→ **Records to use**
_ _ _ _ _ _ _
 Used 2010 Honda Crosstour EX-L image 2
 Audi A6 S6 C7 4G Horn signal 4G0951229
_ _ _ _ _ _ _
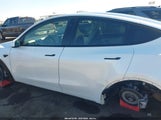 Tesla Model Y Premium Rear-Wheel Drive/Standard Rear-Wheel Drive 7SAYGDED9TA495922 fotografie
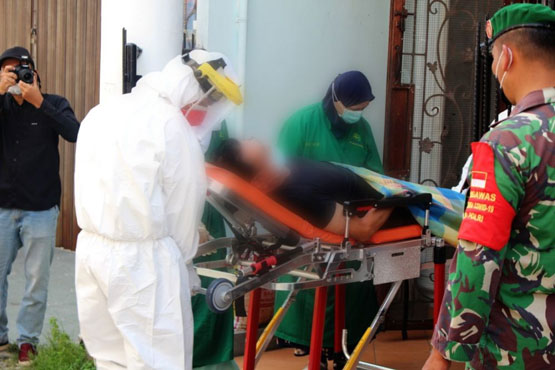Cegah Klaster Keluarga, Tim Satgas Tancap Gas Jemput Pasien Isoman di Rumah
_ _ _ _ _ _ _
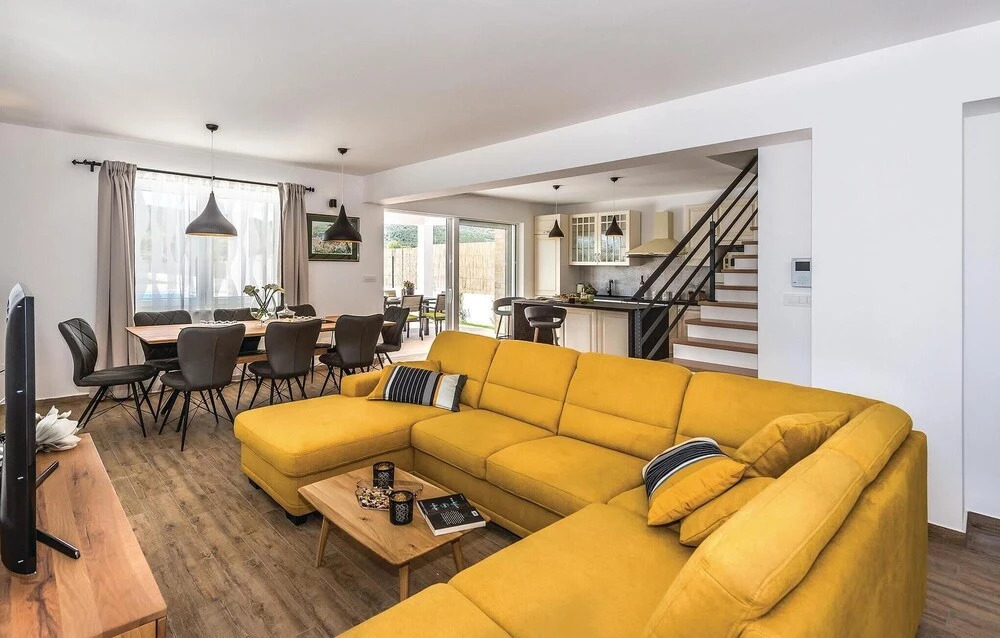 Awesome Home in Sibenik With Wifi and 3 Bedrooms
_ _ _ _ _ _ _
→ **Your instructions**
An exact copy of the lines above, from the one containing "Used 2010 Honda Crosstour EX-L image 2" down to the one containing "Audi A6 S6 C7 4G Horn signal 4G0951229" and including both, is the whole answer; retype it and nothing else.

→ **Completed task**
 Used 2010 Honda Crosstour EX-L image 2
 Audi A6 S6 C7 4G Horn signal 4G0951229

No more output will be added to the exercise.